> [Work to be completed]:
Reproduce all of the data below without alteration; exclude every picture.

*** Recorded data Section Begins ***

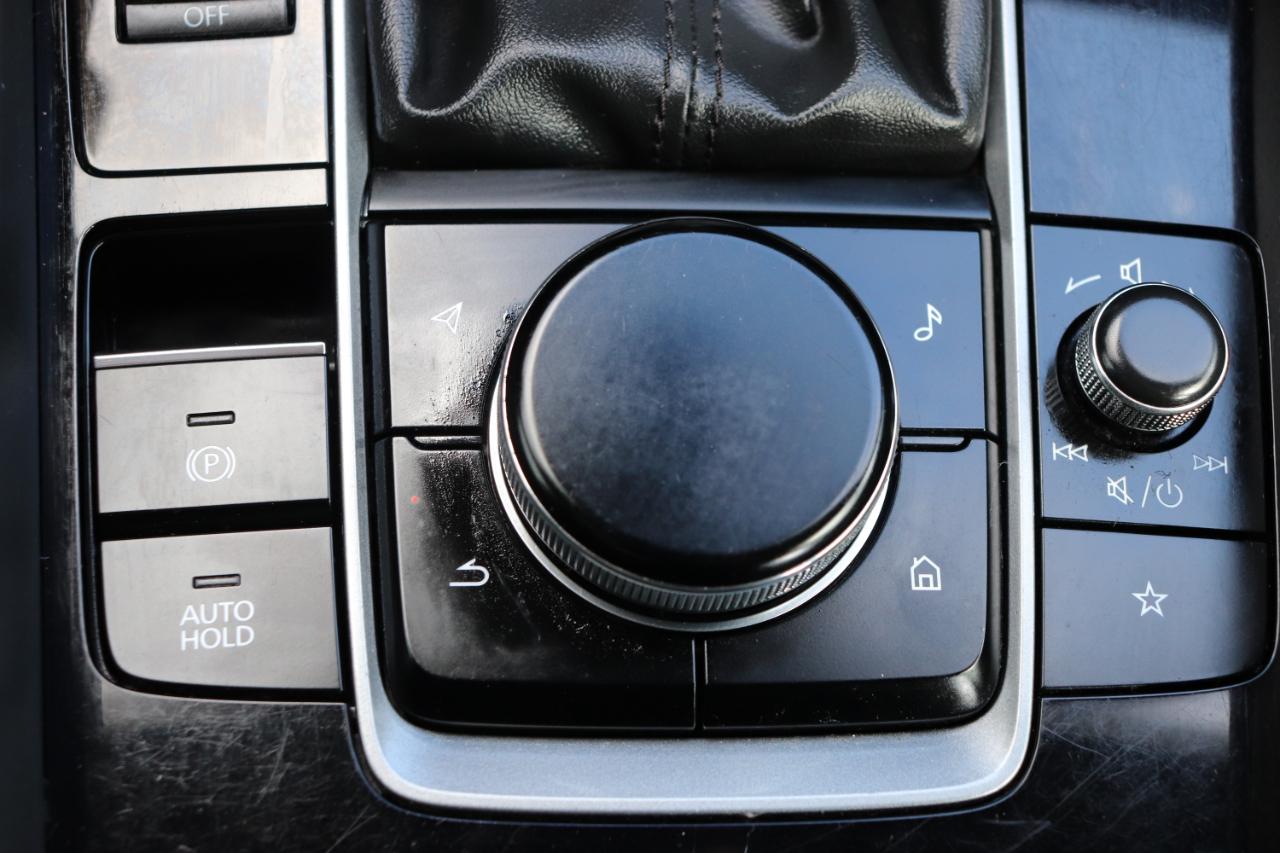 Mazda Mazda3 Hatchback 2.5 S Select Sport Auto FWD 2024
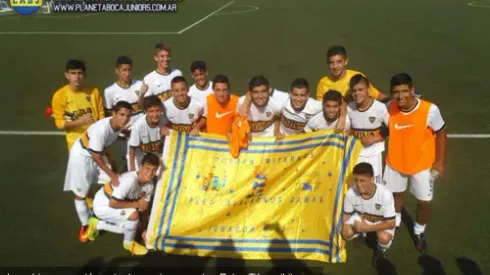 ¡A semifinales!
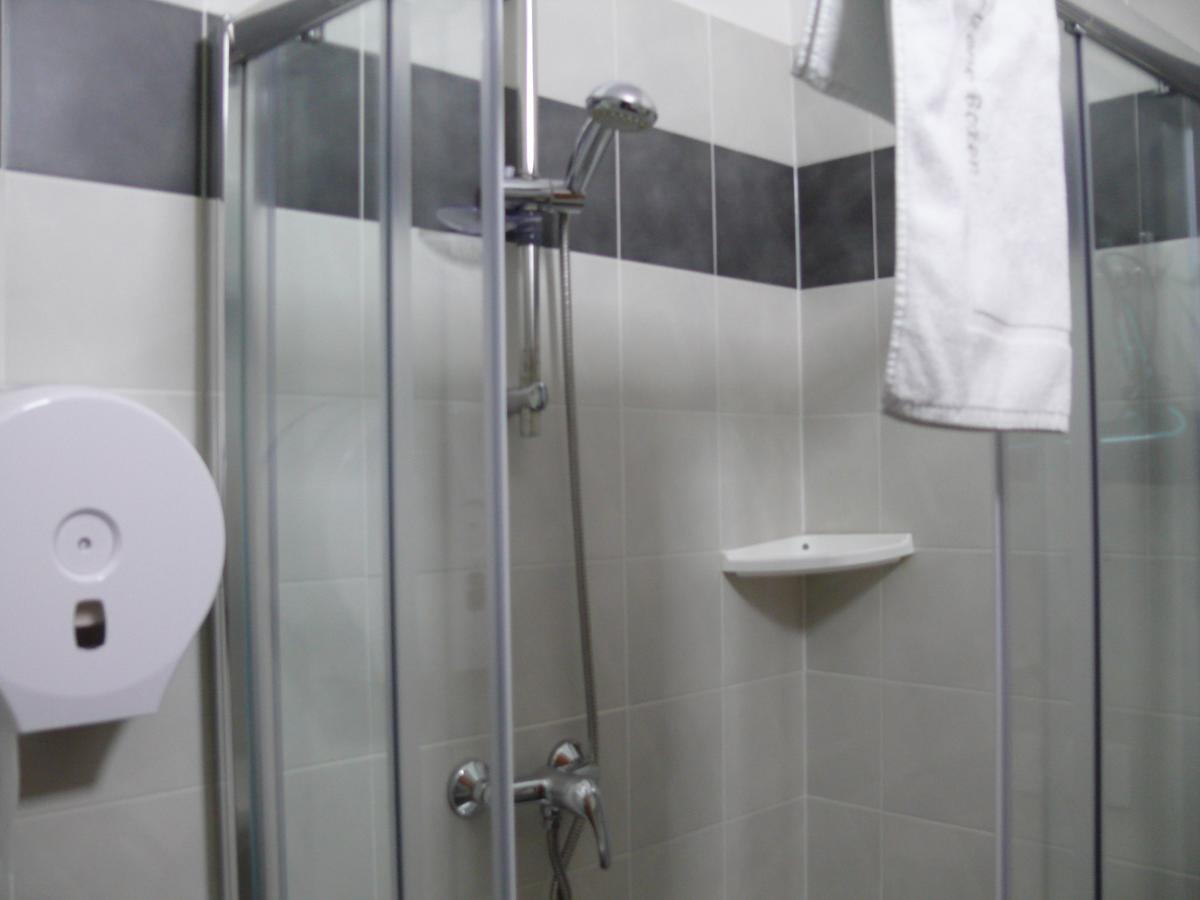 Camere Bolzano Da Glauco Zewnętrze zdjęcie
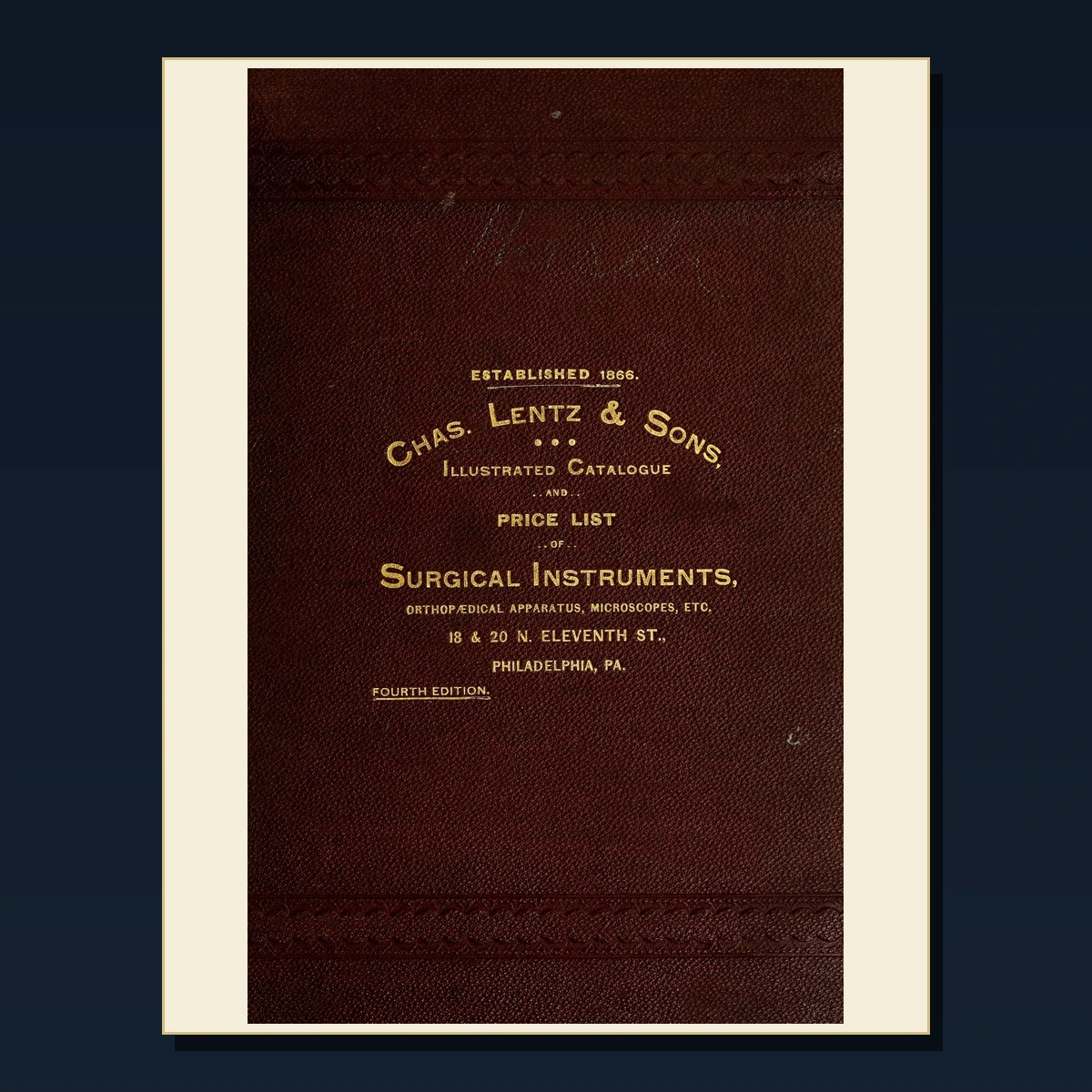 125 Surgery and Surgical Instruments History PDF Books – Curated Historical Collection image 6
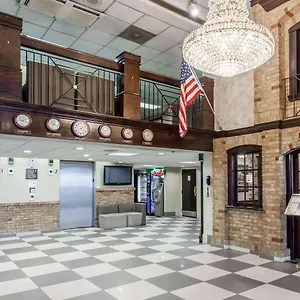 visit hotel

*** Recorded data Section Ends ***

> [Completed exercise]:
 Mazda Mazda3 Hatchback 2.5 S Select Sport Auto FWD 2024
 ¡A semifinales!
 Camere Bolzano Da Glauco Zewnętrze zdjęcie
 125 Surgery and Surgical Instruments History PDF Books – Curated Historical Collection image 6
 visit hotel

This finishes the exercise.